5. ‘Uncut Gems’ (2019)
If “Die Hard” is a Christmas movie, then Adam Sandler’s two-hour anxiety fest is a hoops flick. Real NBA all-star Kevin Garnett plays a version of himself obsessed with a rare opal, Sandler is the gambling jeweler trying to make serious bank off the rock, and a close playoff game fuels the tension-filled last act.
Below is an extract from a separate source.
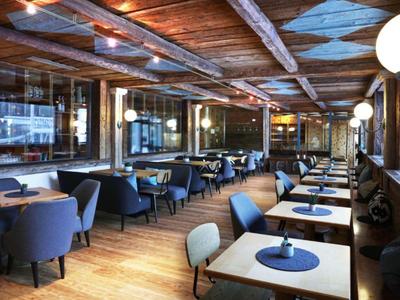 Área de restaurante acogedora con suelos de madera, vigas en el techo y mobiliario moderno.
4. ‘White Men Can’t Jump’ (1992)
Pickup games, “yo mama” jokes and incandescent star chemistry fuel the comedy featuring a slick Wesley Snipes and geeky Woody Harrelson teaming up as a pair of trash-talking rival hustlers. The movie tackles relationships and race but allows for serious fun, as in the iconic scene in which Harrelson tries to dunk. As a great man once said, “It’s hard work being this good.”
3. ‘Hoosiers’ (1986)
A film that’s in the annals of most folks’ favorite sports movies, “Hoosiers” has an undeniable feel-good spirit with the 1950s-set story of disgraced college coach Norman Dale (a fabulous Gene Hackman), who’s kind of an abusive jerk, taking small-town Hickory High on one heck of a run for the Indiana state championship. It’s no “Rudy,” yet still an underdog classic.
2. ‘Hoop Dreams’ (1994)
One of the best documentaries ever made definitely deserves to make this list. The film spectacularly uses the story of two black teens in Chicago, William Gates and Arthur Agee, and their pie-in-the-sky goals of playing in the NBA to highlight issues of class, race and education in America.
1. ‘He Got Game’ (1998)
Spike Lee’s stupendous work features a fantastic Denzel Washington as Jake Shuttlesworth, a convict at Attica who’s paroled in order to get his estranged son Jesus (Ray Allen), a top-ranked recruit, to go to the governor’s alma mater. “Game” offers great performances, a gripping narrative and an intriguing vibe of modern Americana given Lee’s deft use of Aaron Copland music.